The footage is in stark contrast to Mr Shorten’s language during the election campaign that a plebiscite would unleash homophobia and hate speech and has instead promised to introduce same-sex marriage legislation into Parliament in the first 100 days of a Labor government.

But Mr Shorten told the Nine network he had had a change of heart.

“Community attitudes have moved on and most Australians are confused why we are arguing about the matter,” he said.

Meanwhile, two senior Government frontbenchers have refused to say whether they would back same-sex marriage in Parliament if a plebiscite on the issue was carried.

Treasurer Scott Morrison and Foreign Minister Julie Bishop completely dodged the question on how they would vote in Parliament after a plebiscite on same-sex marriage.

In an interview on 7.30, which also focused on the Coalition’s costings ahead of the election, Mr Morrison was repeatedly asked how he would vote on if his own electorate supported changing the Marriage Act.

Scott Morrison is interviewed by Leigh Sales. Photo: ABC.
Scott Morrison is interviewed by Leigh Sales. Photo: ABC.

But Mr Morrison, who regularly speaks publicly about his Christian faith, would not be drawn in the interview with Leigh Sales as follows:

Sales: Why can’t you answer it clearly — will you vote for same-sex marriage?

Mr Morrison: I will use my words, you use yours and you’re not allowed to put words in my mouth.

Sales: I think if that answer doesn’t make it clear, I want clarity for my audience; will you vote for same-sex marriage?

Mr Morrison: I will respect the outcome of the plebiscite.
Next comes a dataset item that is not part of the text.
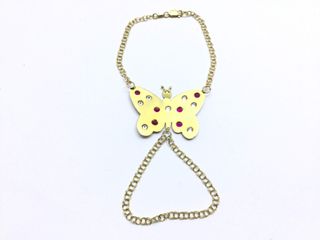 E1161947-0 Pulsera Oro 18K Con Circonita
If it passes then the legislation will pass.

Sales: With your vote?

Mr Morrison: I will respect the outcome of the plebiscite.

Sales: I’m not sure why you can’t answer if it will be with your vote.

In an interview on Lateline, Ms Bishop was asked how she would vote in Parliament, if the majority of Australians supported marriage equality in the plebiscite but her electorate voted against it.

But Ms Bishop would not be drawn on Lateline on Tuesday night, saying she would wait until she saw the legislation.

“I always have a look at what the legislation says and I will respect the outcome of the plebiscite,” she told interviewer Emma Alberici.

Coalition MPs have been told they will be given a free vote in Parliament, regardless of the result of the plebiscite which in non-binding and still needs to be passed through Parliament.